Uzun zamandır ülkemizin en önemli gündemi seçimlerdi. Bu pazar ikinci kez sandığa gittik ve demokratik hakkımız olan oyumuzu kullandık. Sandıktan çıkan sonuç halkın çoğunluğunun fikridir, saygı duymamız, seçilen yeni cumhurbaşkanı ve mecliste bizleri temsil edecek tüm partilerin vekillerini tebrik etmemiz gerekir. Ülkemiz için hayırlı olsun.
İki seçimde de aynı sandıkta aynı arkadaşlar ile beraber ben de gönüllü olarak görev aldım. Her partiden temsilci ve müşahitin olduğu küçük bir sınıfta keyifli iki gün geçirdik. Beraber güldük, ülke gündemine dair konuştuk, çay içtik yemek yedik. Birbirimizin mensubu olduğu partiyi-uygun dille- eleştirdik. Kimse bir diğerine "cahil" demedi, ya da mensubu olduğu partiden dolayı hakaret etmedi ve aşağılayıcı ifadeler kullanmadı. Tatlı tatlı iğnelemeler oldu tabii ama sonrasında "çaylar bu sefer benden" dedik/diyebildik.

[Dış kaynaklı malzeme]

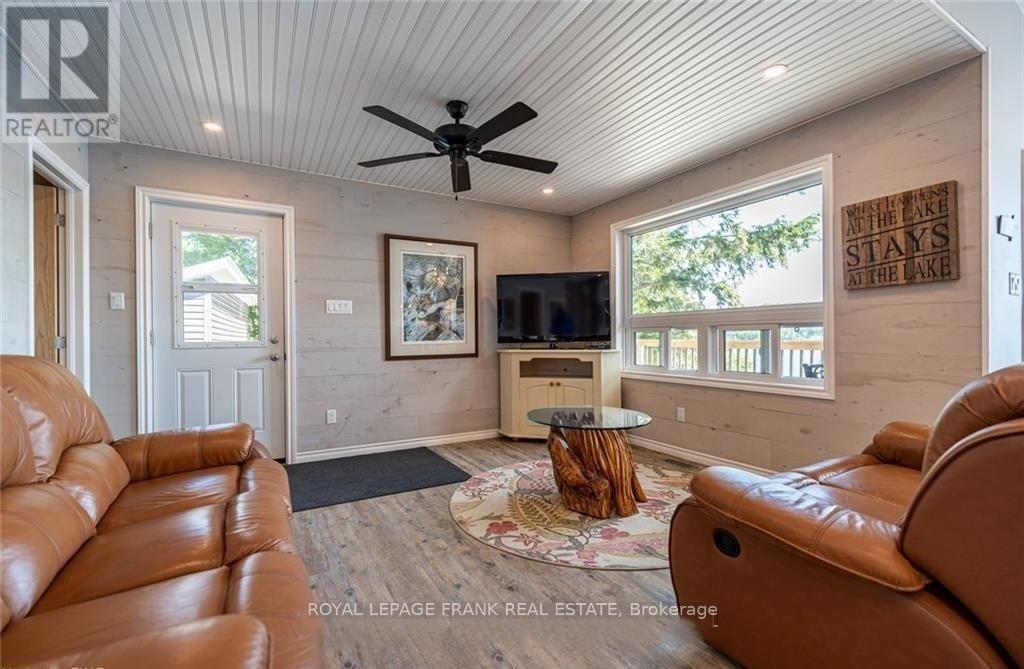 1758 Papineau Lake Road, Hastings Highlands (Wicklow Ward), Ontario  K0L 2R0 - Photo 10 - X12401865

Biz, yani küçücük bir sınıfta sekiz kişi gayet medeni bir şekilde tartışabildik sonra tatlıya bağlayabildik. Siyasilere kızabiliriz, mensubu olduğumuz parti, gönül verdiğimiz aday kazanmamış da olabilir. Biz iki gün sonra aynı sofrada oturup, aynı sınıfta derse gireceğiz. Kahve için kapısını çalacağız komşumuzun. Eşimizin, dostumuzun düğününe, taziyesine gideceğiz. Sonrasında birbirimizin yüzüne bakabileceğimiz, utanmayacağımız sözler söyleyelim.
Bu ülke hepimizin ve isteklerimiz de ortak. Demokratik, özgür, adil ve refah içinde yaşamak istiyoruz. Eğitim ve ekonomide büyük değişim ve gelişmeler istiyoruz. Çocuklarımız için aydınlık bir gelecek istiyoruz. Yoksulluğun bitmesini istiyoruz. Yeraltı ve yer üstü kaynaklarımızın korunmasını, doğanın tahrip edilmemesini istiyoruz.
Kardeşliğimizin bozulmasını istemiyoruz. Bunu siyasiler yaptığında ise; siyasi görüşlerimizi bir kenara bırakıp hep beraber karşı durmak istiyoruz.
Güvenli bir ülke ve çocuklarımız için harika bir gelecek diliyorum.